I have had an eBay account for 4 years, Powerseller, sold over 2200 items with absolute 100% positive feedback. Much of what I sell is used Leatherman & Gerber multi-tool items (a few BW/BT/BC members have bought from me) and I've happily plodded along putting up with their fees as it is a source of amusement for me and I get the chance to buy and sell items that I have an interest in added to which it subsidises my bass habit :huh:

Move forward to 2 weeks ago and suddenly my account is suspended!

Why?

'Using another company's trademark in a way that may confuse buyers about the source of goods or services, or confuses buyers into believing that the seller is affiliated with, sponsored by or endorsed by the trademark owner is both illegal and against eBay's policies. Examples include counterfeits, unauthorised replica items and items that bear the brand or logo of a company without that company's permission.'

It turns out that I am not licensed to sell Leatherman products... I pointed out to eBay that the item that they had singled out was used and I'm not passing myself off as an authorised dealer, how could I 'IT IS USED'. This has fallen on deaf ears and despite a dozen emails explaining that the item is a genuine L'man product and that I am selling it as used, they have responded by stating that I am not endorsed or affiliated to the manufacturer! Of course I'm not but then again neither is anyone selling ANYTHING that is used on eBay. Essentially eBay claim that if a copyright owner signs up to their 'VeRO programme' then they simply have to inform eBay that they don't want somebody to be allowed to sell an item and it has to be automatically pulled!

Anyway, I spat my dummy out and said (in my best Cartman voice) "scr*w you, I am going home". Only I can't.
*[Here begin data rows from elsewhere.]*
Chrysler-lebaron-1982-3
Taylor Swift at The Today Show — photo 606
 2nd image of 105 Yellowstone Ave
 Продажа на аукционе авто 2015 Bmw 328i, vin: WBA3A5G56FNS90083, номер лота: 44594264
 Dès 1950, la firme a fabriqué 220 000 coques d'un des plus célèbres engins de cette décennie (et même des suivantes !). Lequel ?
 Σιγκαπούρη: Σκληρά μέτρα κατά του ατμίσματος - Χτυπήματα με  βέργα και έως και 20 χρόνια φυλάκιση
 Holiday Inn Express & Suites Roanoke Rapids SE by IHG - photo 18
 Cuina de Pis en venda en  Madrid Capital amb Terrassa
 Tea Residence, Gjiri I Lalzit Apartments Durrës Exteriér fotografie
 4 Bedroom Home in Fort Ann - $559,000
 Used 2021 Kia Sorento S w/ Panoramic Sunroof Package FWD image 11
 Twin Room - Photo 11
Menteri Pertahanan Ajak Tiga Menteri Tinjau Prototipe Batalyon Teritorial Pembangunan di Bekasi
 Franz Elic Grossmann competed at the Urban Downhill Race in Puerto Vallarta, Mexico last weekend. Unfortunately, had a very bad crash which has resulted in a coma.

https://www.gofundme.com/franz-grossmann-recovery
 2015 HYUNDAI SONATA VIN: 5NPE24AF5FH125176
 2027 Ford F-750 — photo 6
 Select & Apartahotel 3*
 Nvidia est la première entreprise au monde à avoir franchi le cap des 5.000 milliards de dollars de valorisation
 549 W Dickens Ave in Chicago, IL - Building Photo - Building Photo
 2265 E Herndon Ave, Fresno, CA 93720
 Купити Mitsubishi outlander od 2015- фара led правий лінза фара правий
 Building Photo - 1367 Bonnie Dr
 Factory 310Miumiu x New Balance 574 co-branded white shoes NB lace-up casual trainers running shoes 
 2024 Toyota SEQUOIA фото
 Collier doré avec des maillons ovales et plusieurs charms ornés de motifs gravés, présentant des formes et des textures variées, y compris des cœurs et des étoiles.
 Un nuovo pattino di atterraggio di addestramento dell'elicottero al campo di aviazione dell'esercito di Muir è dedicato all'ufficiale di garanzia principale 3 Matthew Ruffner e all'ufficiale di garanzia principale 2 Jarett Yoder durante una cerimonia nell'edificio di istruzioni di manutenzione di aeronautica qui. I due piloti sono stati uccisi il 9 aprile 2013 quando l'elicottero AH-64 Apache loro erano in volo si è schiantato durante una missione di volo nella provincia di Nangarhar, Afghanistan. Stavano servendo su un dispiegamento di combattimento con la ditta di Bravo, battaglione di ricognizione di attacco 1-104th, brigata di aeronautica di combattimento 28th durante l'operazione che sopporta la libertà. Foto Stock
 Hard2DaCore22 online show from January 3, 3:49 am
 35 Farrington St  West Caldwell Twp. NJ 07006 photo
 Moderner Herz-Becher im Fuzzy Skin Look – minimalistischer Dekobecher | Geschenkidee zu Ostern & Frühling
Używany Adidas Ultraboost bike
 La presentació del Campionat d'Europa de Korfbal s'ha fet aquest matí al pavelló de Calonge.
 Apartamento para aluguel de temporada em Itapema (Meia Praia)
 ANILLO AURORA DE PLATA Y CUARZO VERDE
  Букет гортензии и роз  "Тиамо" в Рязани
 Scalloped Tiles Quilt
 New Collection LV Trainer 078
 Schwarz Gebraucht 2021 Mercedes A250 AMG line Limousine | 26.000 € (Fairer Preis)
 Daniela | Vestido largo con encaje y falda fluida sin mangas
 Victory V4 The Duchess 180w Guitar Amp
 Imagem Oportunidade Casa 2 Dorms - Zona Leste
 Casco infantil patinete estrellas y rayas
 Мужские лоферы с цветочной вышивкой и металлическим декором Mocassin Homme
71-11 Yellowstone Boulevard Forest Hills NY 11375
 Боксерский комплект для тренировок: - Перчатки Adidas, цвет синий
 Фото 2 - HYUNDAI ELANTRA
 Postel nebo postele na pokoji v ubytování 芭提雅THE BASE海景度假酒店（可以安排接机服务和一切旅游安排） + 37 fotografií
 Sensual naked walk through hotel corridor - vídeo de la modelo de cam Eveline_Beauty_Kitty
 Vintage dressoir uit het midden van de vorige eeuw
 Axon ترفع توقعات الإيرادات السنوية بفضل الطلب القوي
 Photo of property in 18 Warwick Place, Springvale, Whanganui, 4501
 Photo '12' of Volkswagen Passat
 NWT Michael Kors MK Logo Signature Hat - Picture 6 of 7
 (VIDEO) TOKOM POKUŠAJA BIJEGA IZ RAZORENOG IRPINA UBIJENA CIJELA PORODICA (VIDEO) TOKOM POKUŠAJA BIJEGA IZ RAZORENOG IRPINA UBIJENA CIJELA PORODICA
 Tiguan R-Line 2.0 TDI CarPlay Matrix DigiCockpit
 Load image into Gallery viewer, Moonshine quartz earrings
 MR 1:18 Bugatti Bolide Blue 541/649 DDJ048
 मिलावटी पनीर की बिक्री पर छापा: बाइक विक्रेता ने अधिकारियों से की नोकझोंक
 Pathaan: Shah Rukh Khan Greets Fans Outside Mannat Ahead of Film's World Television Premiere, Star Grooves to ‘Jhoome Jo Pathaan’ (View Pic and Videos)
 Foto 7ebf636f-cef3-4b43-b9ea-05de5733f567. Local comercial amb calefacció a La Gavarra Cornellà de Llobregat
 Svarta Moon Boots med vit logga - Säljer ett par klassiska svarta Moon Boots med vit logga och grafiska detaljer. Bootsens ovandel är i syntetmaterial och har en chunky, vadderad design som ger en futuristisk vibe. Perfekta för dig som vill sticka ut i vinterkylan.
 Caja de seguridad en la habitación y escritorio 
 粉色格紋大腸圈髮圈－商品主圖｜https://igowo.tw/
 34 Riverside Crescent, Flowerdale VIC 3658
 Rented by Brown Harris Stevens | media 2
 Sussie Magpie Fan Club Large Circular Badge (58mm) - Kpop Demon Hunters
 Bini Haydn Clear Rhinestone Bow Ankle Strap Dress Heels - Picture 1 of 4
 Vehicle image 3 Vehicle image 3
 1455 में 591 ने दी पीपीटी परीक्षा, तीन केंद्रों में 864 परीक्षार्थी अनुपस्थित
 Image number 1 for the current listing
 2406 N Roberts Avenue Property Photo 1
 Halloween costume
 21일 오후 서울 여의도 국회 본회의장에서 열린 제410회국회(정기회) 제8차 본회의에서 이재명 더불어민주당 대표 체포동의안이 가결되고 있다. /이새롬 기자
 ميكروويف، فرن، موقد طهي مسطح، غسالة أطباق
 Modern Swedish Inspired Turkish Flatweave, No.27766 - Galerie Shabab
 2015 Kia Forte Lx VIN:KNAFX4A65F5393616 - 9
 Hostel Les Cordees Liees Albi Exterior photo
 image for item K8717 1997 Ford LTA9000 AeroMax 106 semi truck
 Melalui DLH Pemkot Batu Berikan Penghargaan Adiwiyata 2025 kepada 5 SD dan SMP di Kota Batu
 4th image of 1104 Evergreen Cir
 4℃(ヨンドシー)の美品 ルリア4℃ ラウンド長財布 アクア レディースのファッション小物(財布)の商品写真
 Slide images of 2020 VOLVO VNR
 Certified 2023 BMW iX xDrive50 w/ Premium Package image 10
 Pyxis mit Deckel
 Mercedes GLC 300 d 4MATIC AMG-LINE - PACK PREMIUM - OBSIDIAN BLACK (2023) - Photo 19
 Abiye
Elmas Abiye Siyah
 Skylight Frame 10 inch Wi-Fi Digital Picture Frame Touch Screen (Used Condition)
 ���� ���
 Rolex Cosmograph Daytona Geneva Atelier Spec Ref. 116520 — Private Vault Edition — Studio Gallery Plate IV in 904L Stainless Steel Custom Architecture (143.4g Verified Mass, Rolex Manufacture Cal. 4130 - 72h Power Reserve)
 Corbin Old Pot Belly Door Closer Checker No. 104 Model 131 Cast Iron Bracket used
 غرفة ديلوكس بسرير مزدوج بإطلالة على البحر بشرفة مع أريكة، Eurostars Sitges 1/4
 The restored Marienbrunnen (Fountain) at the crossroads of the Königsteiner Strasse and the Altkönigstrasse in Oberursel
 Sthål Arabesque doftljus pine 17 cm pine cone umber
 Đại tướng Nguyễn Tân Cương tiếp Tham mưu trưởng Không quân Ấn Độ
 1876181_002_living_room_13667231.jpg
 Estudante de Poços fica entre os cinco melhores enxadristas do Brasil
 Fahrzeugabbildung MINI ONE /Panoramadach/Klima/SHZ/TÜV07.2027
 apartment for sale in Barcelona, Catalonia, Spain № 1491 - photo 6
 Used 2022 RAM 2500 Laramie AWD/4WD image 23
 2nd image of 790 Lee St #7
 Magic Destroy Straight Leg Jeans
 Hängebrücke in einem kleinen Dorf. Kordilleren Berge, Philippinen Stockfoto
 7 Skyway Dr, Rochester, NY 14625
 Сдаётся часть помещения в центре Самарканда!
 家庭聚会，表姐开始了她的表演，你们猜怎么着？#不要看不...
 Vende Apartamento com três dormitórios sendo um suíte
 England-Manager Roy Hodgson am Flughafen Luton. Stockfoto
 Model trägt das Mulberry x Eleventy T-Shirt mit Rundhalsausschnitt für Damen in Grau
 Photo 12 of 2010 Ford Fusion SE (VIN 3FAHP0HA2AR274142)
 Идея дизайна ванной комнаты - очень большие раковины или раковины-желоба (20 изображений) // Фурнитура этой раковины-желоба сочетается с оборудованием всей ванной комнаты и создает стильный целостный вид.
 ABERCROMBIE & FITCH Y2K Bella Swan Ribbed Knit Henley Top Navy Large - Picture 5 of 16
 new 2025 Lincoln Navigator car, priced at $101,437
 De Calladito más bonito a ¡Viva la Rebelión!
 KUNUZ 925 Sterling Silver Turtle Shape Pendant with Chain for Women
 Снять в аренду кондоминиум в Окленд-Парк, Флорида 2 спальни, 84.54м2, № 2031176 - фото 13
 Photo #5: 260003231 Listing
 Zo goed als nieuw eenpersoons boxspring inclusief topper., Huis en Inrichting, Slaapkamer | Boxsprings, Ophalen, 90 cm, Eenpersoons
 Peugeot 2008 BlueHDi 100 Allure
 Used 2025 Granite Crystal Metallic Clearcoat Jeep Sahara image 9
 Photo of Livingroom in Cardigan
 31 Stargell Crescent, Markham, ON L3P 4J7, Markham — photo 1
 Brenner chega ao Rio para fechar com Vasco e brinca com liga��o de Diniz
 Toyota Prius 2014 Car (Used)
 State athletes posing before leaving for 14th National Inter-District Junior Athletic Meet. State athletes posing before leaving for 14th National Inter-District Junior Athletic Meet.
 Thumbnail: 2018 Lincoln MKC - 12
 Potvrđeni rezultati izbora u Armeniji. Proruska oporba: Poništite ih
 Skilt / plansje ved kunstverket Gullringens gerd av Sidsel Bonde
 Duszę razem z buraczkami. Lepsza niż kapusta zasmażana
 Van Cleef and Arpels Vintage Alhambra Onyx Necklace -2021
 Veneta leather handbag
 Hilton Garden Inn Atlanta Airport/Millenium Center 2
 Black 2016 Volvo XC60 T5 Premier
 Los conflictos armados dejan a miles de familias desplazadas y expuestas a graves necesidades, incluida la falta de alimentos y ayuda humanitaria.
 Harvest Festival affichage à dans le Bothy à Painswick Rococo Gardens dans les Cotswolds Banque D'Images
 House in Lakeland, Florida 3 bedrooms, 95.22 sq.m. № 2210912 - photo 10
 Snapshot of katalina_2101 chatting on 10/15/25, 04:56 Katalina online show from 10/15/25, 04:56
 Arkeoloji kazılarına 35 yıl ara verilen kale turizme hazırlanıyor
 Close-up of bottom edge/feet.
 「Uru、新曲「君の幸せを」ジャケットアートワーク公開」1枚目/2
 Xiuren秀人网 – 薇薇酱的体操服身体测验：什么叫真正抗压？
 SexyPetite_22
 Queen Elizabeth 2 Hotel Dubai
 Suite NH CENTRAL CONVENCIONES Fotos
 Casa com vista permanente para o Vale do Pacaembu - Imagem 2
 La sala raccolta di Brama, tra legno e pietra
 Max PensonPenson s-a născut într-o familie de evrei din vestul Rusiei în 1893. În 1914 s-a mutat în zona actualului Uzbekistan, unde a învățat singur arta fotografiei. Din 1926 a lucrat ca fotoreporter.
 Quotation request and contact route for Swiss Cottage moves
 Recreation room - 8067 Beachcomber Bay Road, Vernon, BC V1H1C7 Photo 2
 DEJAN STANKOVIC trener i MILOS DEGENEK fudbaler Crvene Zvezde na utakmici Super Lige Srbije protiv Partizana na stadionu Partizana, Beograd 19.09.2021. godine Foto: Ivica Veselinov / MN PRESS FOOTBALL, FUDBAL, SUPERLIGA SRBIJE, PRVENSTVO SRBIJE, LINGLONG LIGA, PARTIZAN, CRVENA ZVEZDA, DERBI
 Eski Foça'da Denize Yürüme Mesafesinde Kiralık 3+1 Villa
They won't let me close my account until I have paid all outstanding fees. Fine, let me see my account balance has been credited for the 2 numpties who I had initiated Non-paying bidder strikes against just prior to the suspension... No, I have to pay the balance and then I can access my account to see the balance. What! Who in there right mind would expect you to pay for something before you've had the chance to look at what you owe.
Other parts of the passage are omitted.